### MATERIAL FOR THIS EXERCISE ###
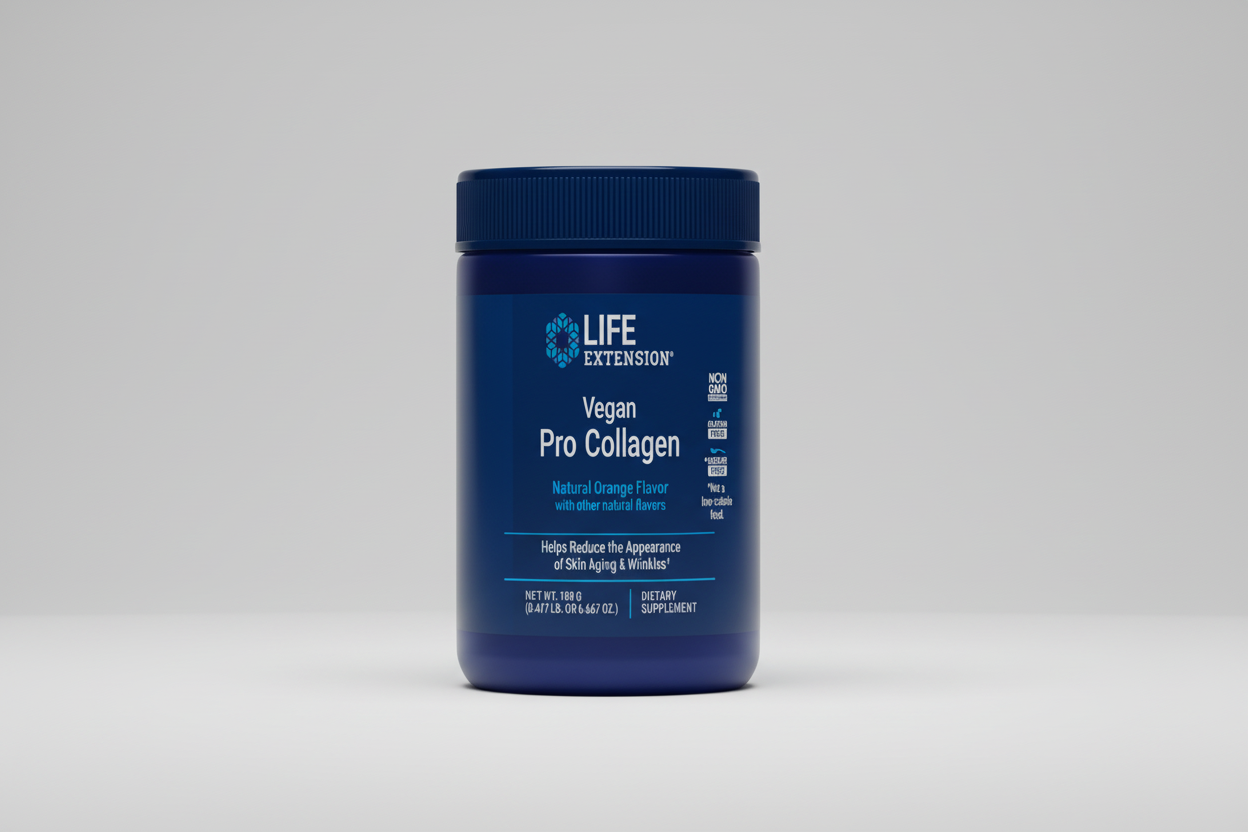 Blue supplement bottle labeled 'Vegan Pro Collagen' by Life Extension on a white background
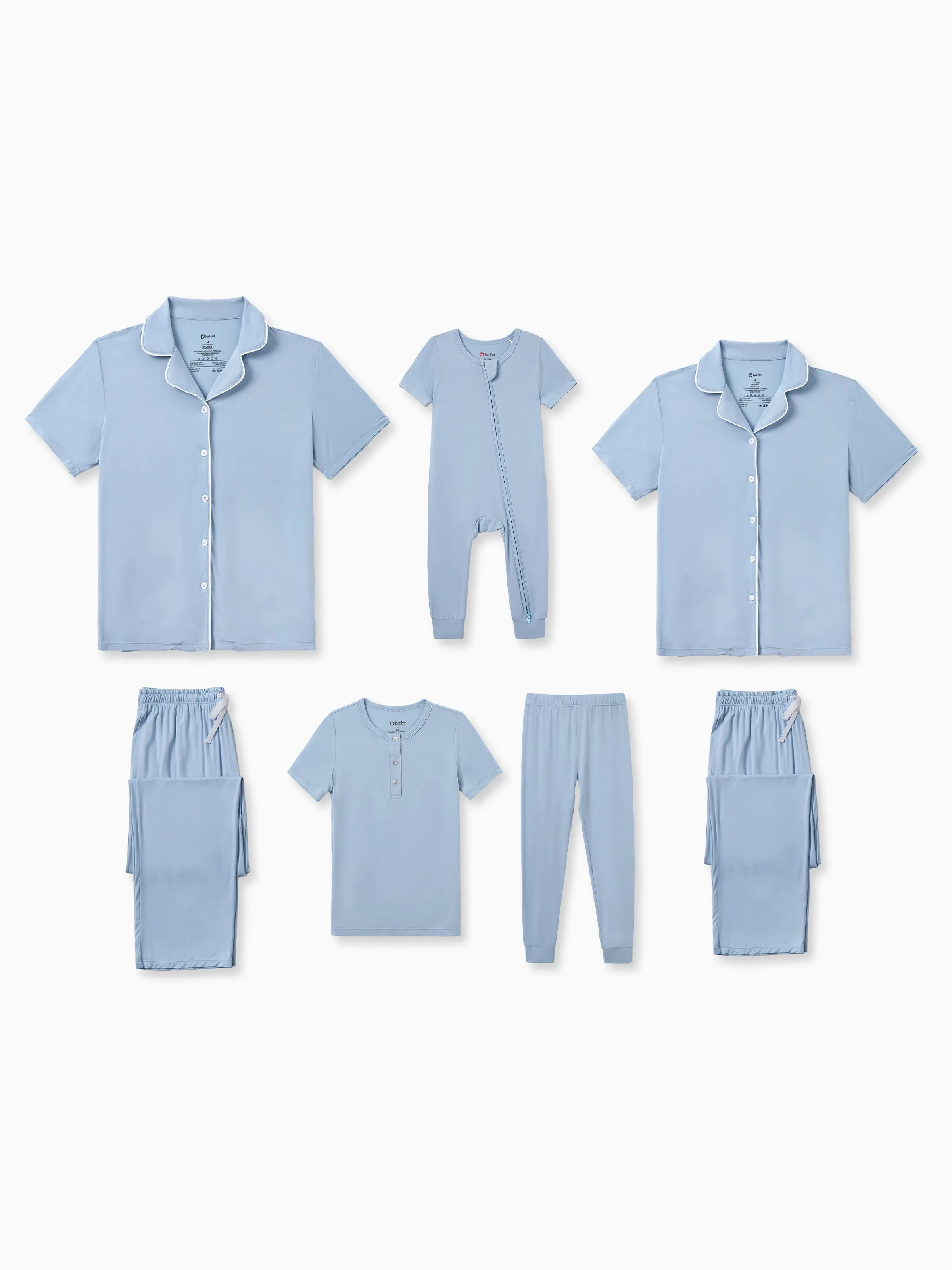 Daddy & Son Bamboo Pajamas Soft Bamboo Viscose PJs for Men Women Kids Toddler Baby, Classic Blue Short-sleeve Sleepwear with Button-Down Shirt and Pants Blue grey - Image 2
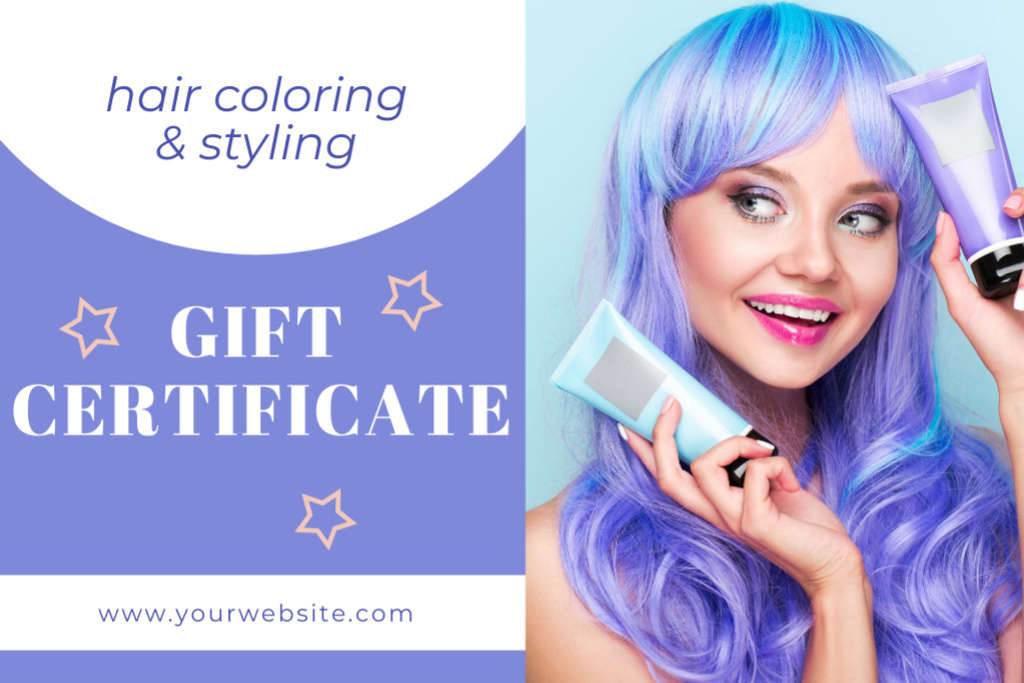 Ontwerpsjabloon van Gift Certificate van High-Quality Beauty Salon Offer of Hair Coloring and Styling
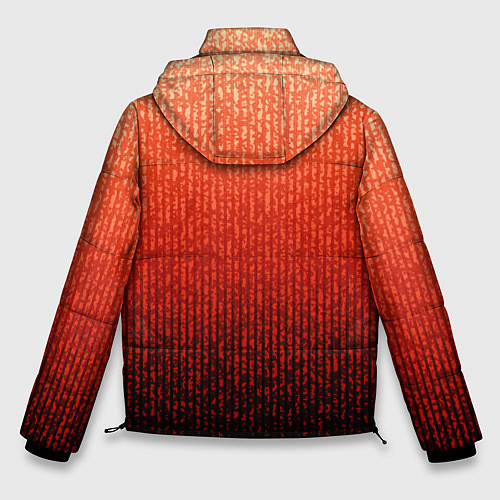 Мужская зимняя куртка Полосатый градиент оранжево-красный в чёрный / 3D-Черный – фото 2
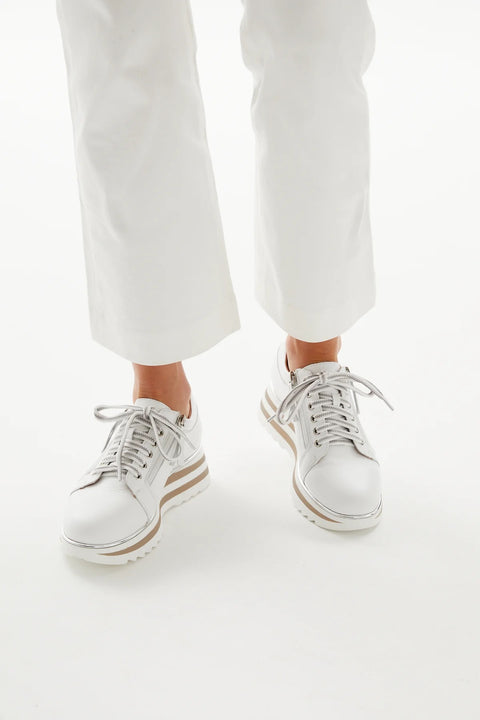 ALFIE & EVIE - Hosting White Leather Platform Sneaker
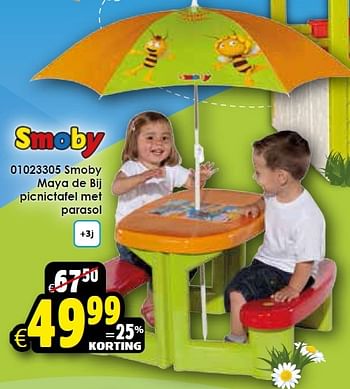 Aanbiedingen Smoby maya de bij picnictafel met parasol - Maya - Geldig van 18/04/2015 tot 03/05/2015 bij ToyChamp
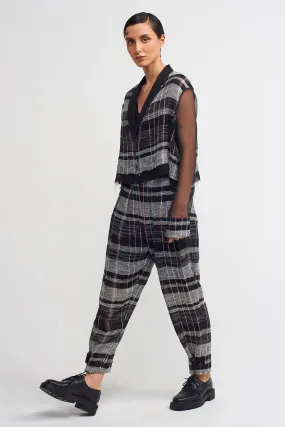 Nu Red Stitch Detail Plaid Pants Black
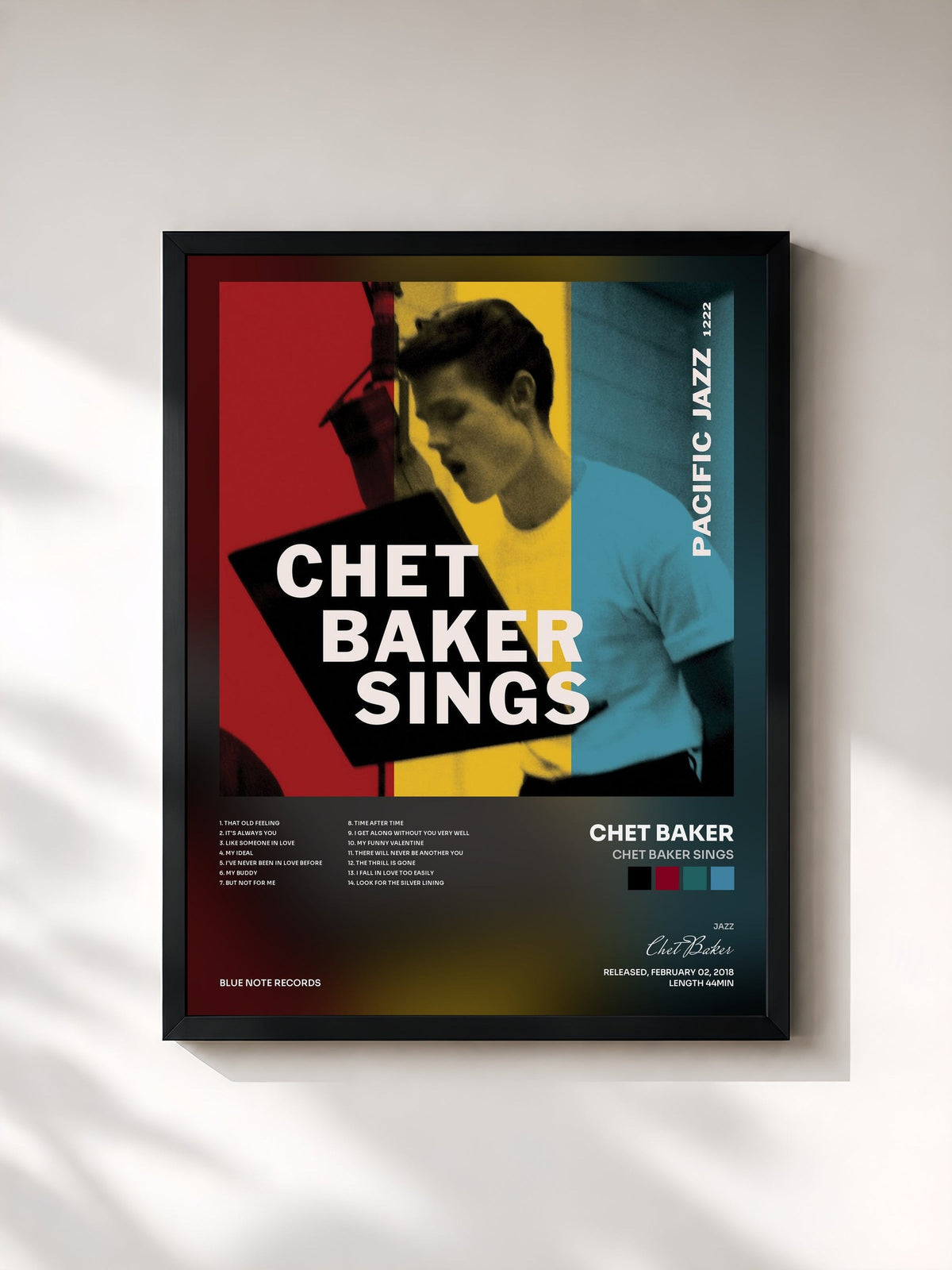 #noir Tableau de l'album Chet Baker Sings de Chet Baker, cadre noir, imprimé et encadré en France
###
(THE TASK) Copy every record verbatim while leaving each picture out.

(COMPLETED TASK)
 Blue supplement bottle labeled 'Vegan Pro Collagen' by Life Extension on a white background
 Daddy & Son Bamboo Pajamas Soft Bamboo Viscose PJs for Men Women Kids Toddler Baby, Classic Blue Short-sleeve Sleepwear with Button-Down Shirt and Pants Blue grey - Image 2
 Ontwerpsjabloon van Gift Certificate van High-Quality Beauty Salon Offer of Hair Coloring and Styling
 Мужская зимняя куртка Полосатый градиент оранжево-красный в чёрный / 3D-Черный – фото 2
 ALFIE & EVIE - Hosting White Leather Platform Sneaker
 Aanbiedingen Smoby maya de bij picnictafel met parasol - Maya - Geldig van 18/04/2015 tot 03/05/2015 bij ToyChamp
 Nu Red Stitch Detail Plaid Pants Black
 #noir Tableau de l'album Chet Baker Sings de Chet Baker, cadre noir, imprimé et encadré en France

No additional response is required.